## Source material
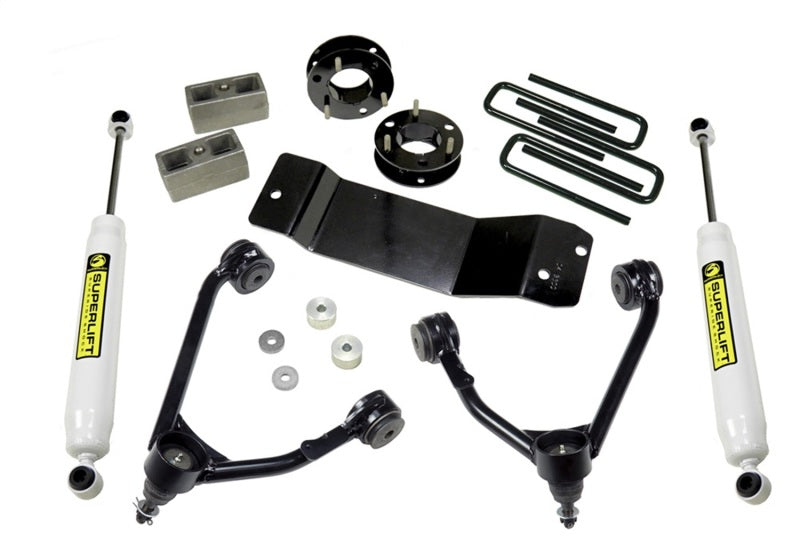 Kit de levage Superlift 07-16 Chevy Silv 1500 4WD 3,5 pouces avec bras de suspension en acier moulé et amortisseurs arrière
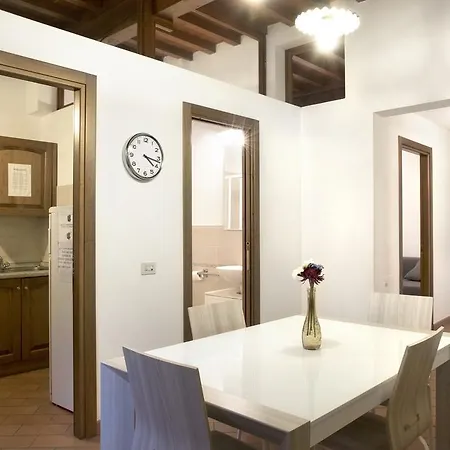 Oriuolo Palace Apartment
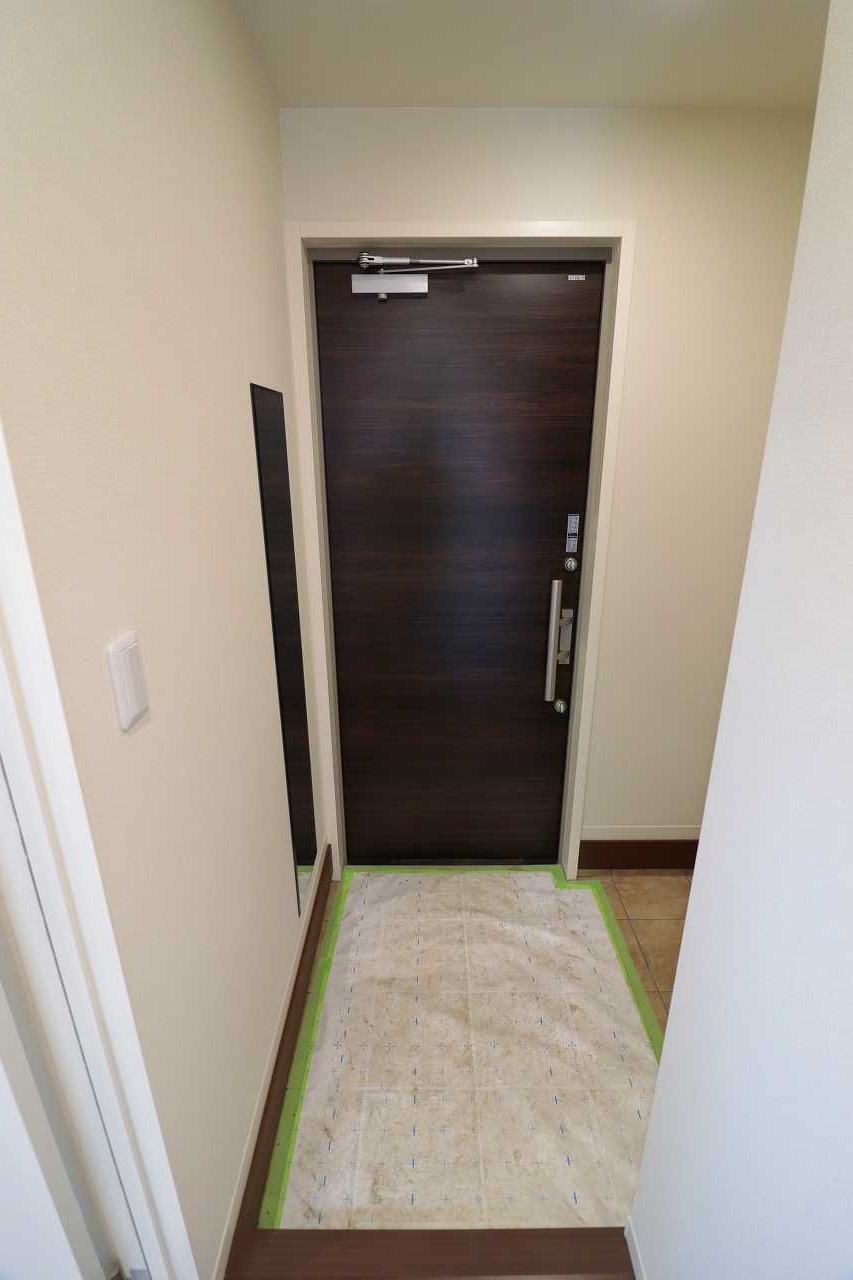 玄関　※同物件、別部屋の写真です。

## Exercise instructions
All of the data is to be reproduced exactly, with the pictures left out.

## Exercise response
 Kit de levage Superlift 07-16 Chevy Silv 1500 4WD 3,5 pouces avec bras de suspension en acier moulé et amortisseurs arrière
 Oriuolo Palace Apartment
 玄関　※同物件、別部屋の写真です。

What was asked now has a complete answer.